Mironov, leader of A Just Russia party, said in an interview with Channel One television host Vladimir Pozner on Monday night that his party "strongly objects" to the 2010 budget compiled by Prime Minister Vladimir Putin and several of Putin's anti-crisis measures.
Mironov — a fierce Putin loyalist who ran against Putin in the 2004 presidential election in what he described as an effort to support Putin's bid — also told Pozner that the idea that he and his party backed Putin in everything was "outdated," A Just Russia said on its web site.
A senior United Russia official, State Duma Deputy Speaker Vyacheslav Volodin, denounced Mironov's remarks as "a display of [his] disrespect and inconsistency toward Putin, who has done a lot for the country, society and Mironov himself," United Russia said in a statement published on its web site late Tuesday.
Duma Deputy Andrei Isayev, in a separate statement on United Russia's web site late Tuesday, accused Mironov of "lying" about supporting Putin.
He also said: "Mironov thinks that the situation has become shaky because of the crisis, and he is trying to run from the ship like a rat. But he has forgotten that the ship is not sinking."
A Just Russia fired back Wednesday, with the leader of its Duma faction, Nikolai Levichev, suggesting that Isayev "drink less" in order to "hallucinate less about rats and cockroaches," according to a statement on its web site.
Mironov, also in a statement on A Just Russia's web site Wednesday, declared that his party was in the opposition and said it was "like a red cloth for a bull."
Meanwhile, Isayev, Volodin and Duma Deputy Andrei Vorobyov have called on the St. Petersburg Legislative Assembly, which Mironov represents in the Federation Council, to dismiss Mironov, but local United Russia and Just Russia leaders said the assembly lacked the legal authority to act, Interfax reported.

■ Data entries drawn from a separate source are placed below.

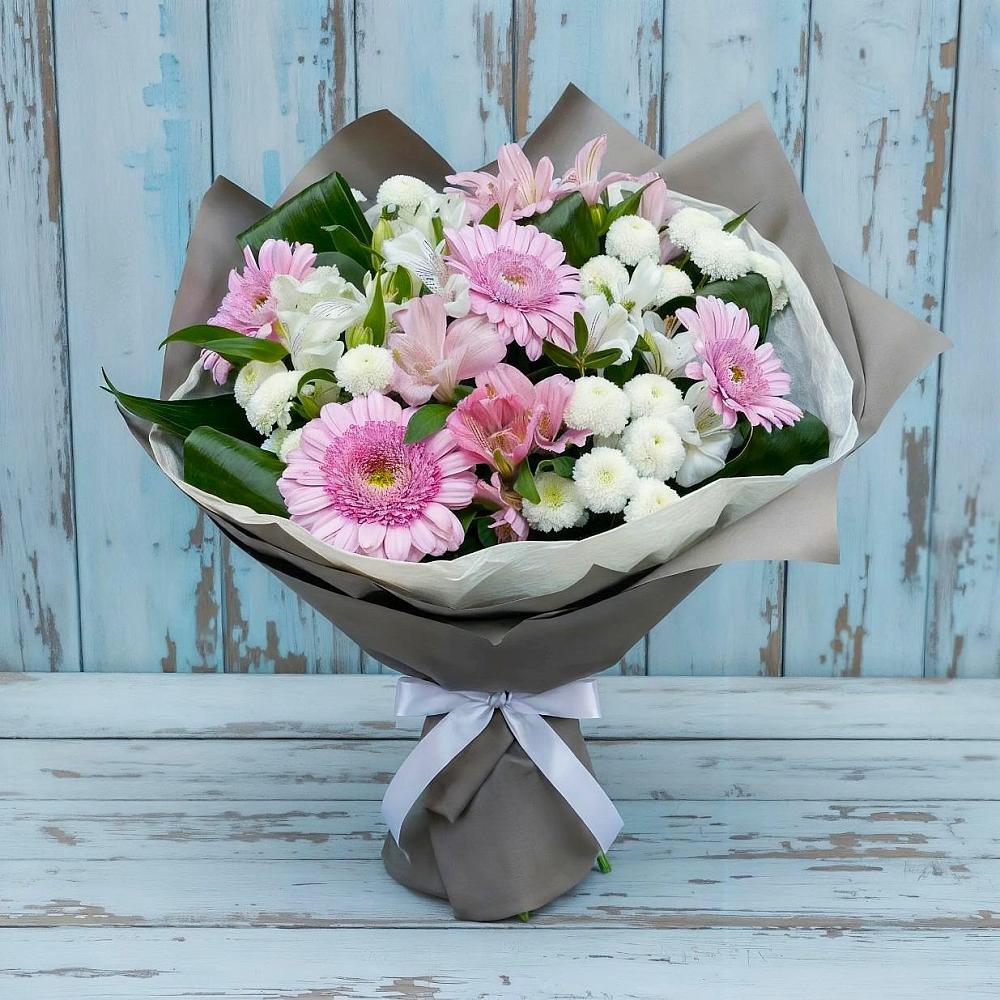 Букет цветов из: Герберы, Альстромерии и Хризантемы в Пучежи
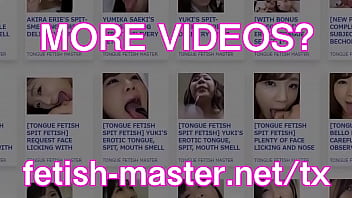 Japanese asian tongue spit fetish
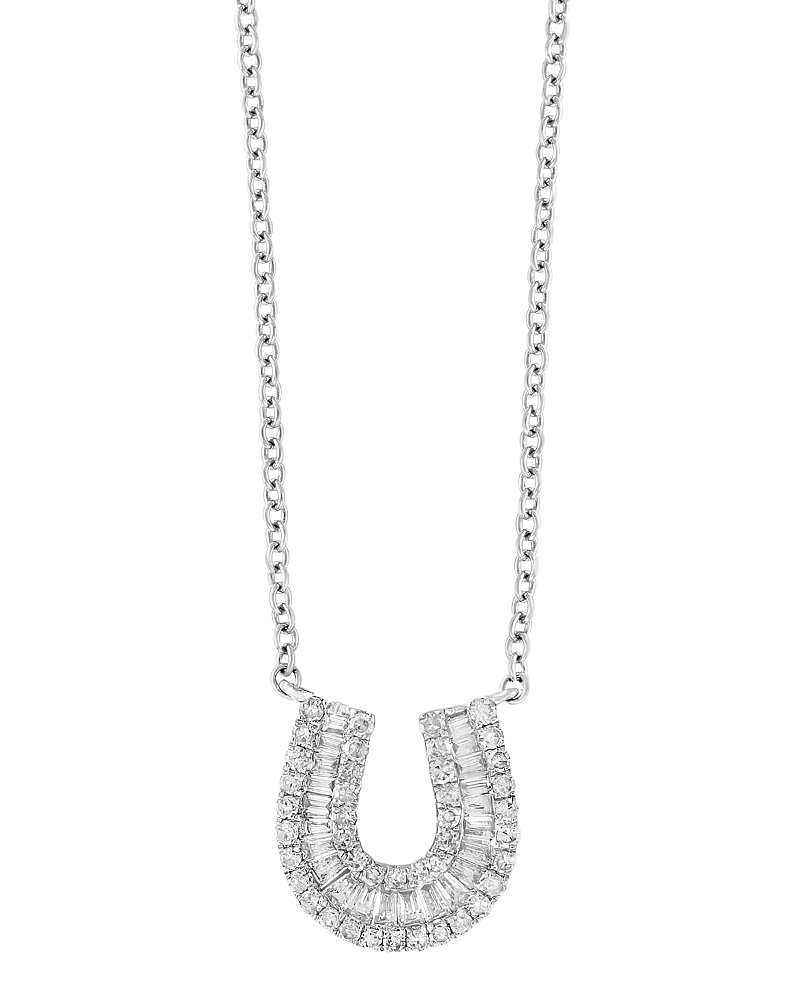 Bloomingdale's Fine Collection Diamond Baguette Horseshoe Pendant Necklace in 14K White Gold, 0.33 tcw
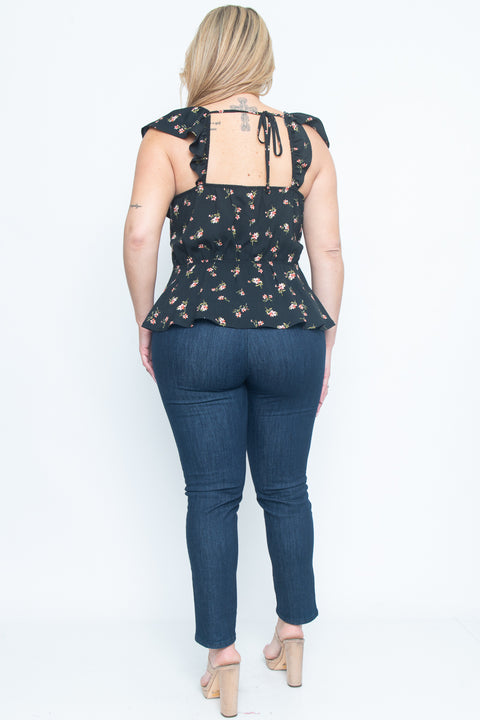 Plus Size Sleeveless Floral Printed Top* (ZB10421F) - Wholesale Fashion Couture 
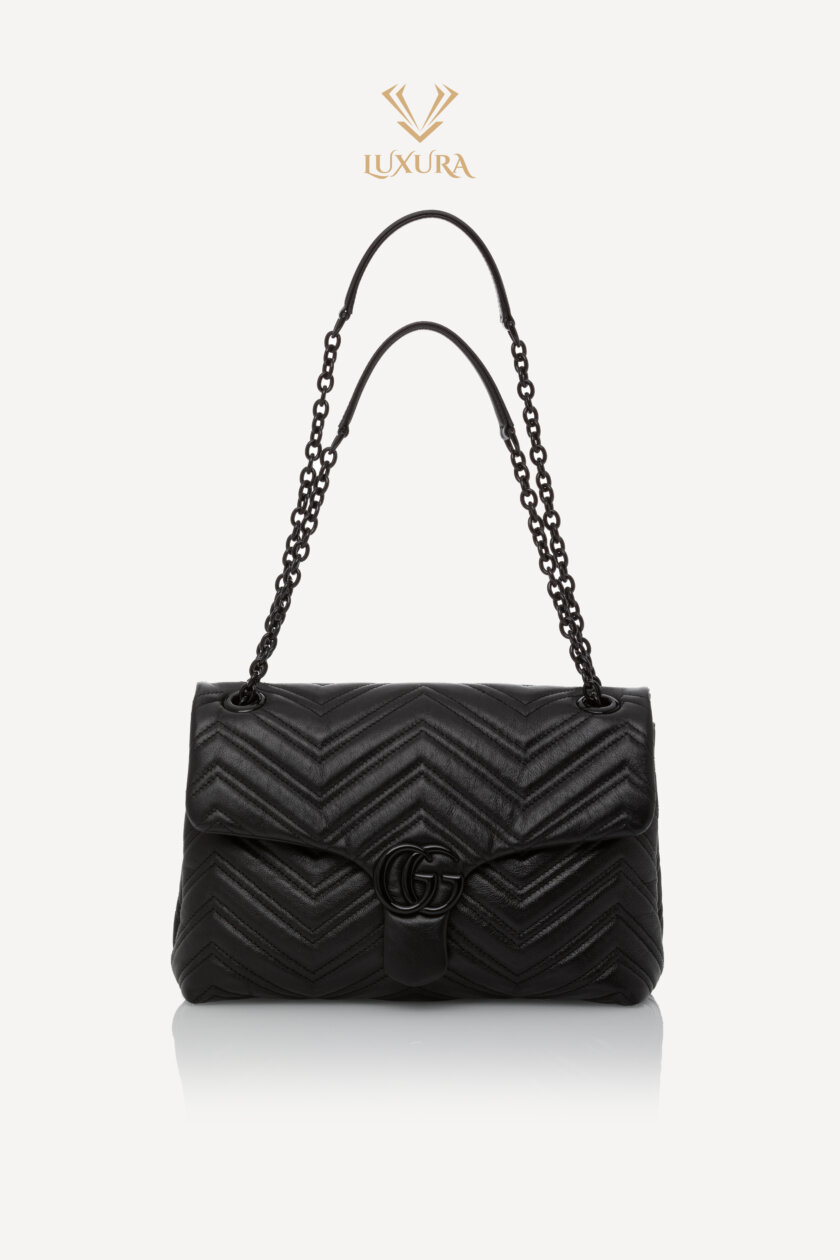<span style="font-size: 10px; color: rgb(101, 101, 101);letter-spacing: .15em;">NEW COLLECTION</span><br><strong> GUCCI </strong><br><div style="margin-top:10px; font-size:16px;">GG Marmont Large Shoulder Bag Black Leather</div><br> - Image 5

While political analysts were divided about whether Mironov had really joined the opposition, they agreed that his statements Monday were an attempt to attract the protest vote ahead of regional elections March 14.
Alexei Mukhin, an analyst with the Center for Political Information, said Mironov had launched his election campaign but still supported Putin.
Alexander Morozov, a former spokesman for A Just Russia, said Mironov was hoping to steal votes from United Russia in both the March elections as well as October regional elections and the 2011 Duma election.
United Russia swept the last regional elections on Oct. 11 in a victory that opposition parties — and Mironov — have criticized as unfair.
United Russia, headed by Putin, dominates the State Duma and most regional legislatures. A Just Russia was created in 2006 in what is widely believed to be a Kremlin project aimed at stealing votes from the Communist Party.